Le Pauvre Cœur des hommes par Coulis
Soseki Natsume est l’un des romanciers les plus connus au Japon. Il a été l’un des premiers intellectuels à être envoyé en Angleterre afin de se renseigner sur la culture littéraire et artistique du monde occidental. Même si son expérience outre-manche se révèle peu fructueuse manque d’argent, il fait probablement figure d’écrivain charnière entre la modernisation de l’époque Meiji et la trèsinternationale ère Taisho. N’ayant lu qu’un seul de ses romans (Et Puis, 1909), il m’est assez difficile de porter une analyse flagrante de toute son oeuvre. Une belle occasion pour moi de découvrir Kokoro de Ichichika Kon, la première adaptation directe du roman le plus connu de Soseki : Le pauvre coeur des hommes (1914). Un peu comme dans Et Puis, le protagoniste est un ermite par choix. Professeur émérite, il vit reclus avec sa jeune femme dans sa belle demeure, s’aventurant de temps en temps pour se recueillir sur la tombe d’un dénommé Kaji. Il se lie d’amitié avec l’un des ses anciens élèves, qui l’a jadis sauvé de la noyade, volontaire ou non, même le protagoniste l’ignore. Nobuchi, c’est son nom, finit donc par s’ouvrir à son jeune ami et se remémore les tristes évènements de sa vie…

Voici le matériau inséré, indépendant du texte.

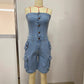 Strapless Button up Denim Romper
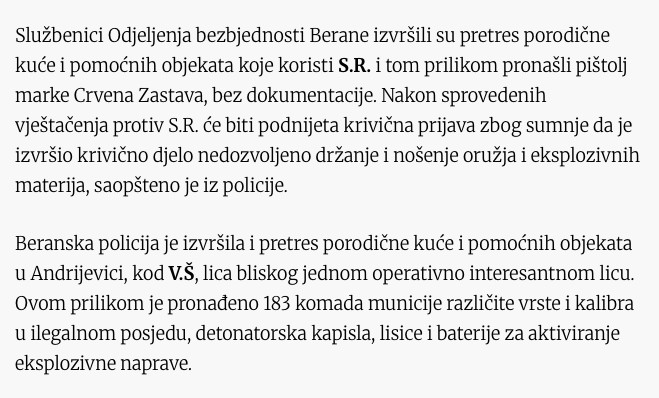 Montenegro-avmp/U-pretresima-na-sjeveru-kontrolisana-OIL_-Pronadeni-pistolji-puska-263-kom_1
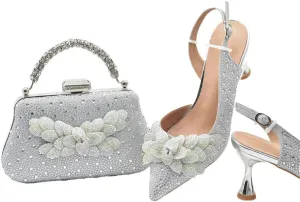Women's Diamond High Heel Pointed-Toe Pumps with Matching Bag Slingback Buckle Strap Elegant Party Shoes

Se déroulant en quelques jours, le film, comme le roman est divisé en deux parties. La naissance de l’amitié entre le professeur et l’élève puis les longs flash-backs qui vont expliquer la mort lente mais inéluctable de Kaji, le spectre hantant le protagoniste. Alternant films légers et dramatiques, Ichikawa plonge nous fait donc plonger dans l’introspection d’un homme écrasé par le poids de sa propre responsabilité. Fabulée ou non ? Encore une fois, Ichikawa laisse au spectateur la liberté de juger la véracité ou non de l’horreur qui accable le coeur de l’homme. Le contexte homo-érotique entre Kaji et Nobuchi est bien évidemment assez fort (ainsi que dans une moindre mesure, la relation maître/élève) mais ne m’a pas semblé fondamentale. A l’inverse, l’entremêlement de la grande Histoire et des vicissitudes des personnages est assez importante. Le film se déroule pendant les derniers jours de l’empereur Meiji en parallèle de l’agonie du propre père de l’élève. Pendant que Nobuchi reste enfermé chez lui, le monde évolue et très vite sa propre introspection ne mène qu’au regret et au chagrin. Comme l’un des généraux qui se suicide pendant le cortège funèbre de l’empereur, il ne lui reste qu’à disparaître pour emporter ses souvenirs.
Mise en scène lente, pas aussi académique que dans les autres films d’Ichikawa et un nombre assez important de gros plans. A noter une superbe scène sur la plage où Nobuchi risque la noyade avec une plan fixe tourné vers la mer depuis la plage avec la canne du protagoniste dans le champ.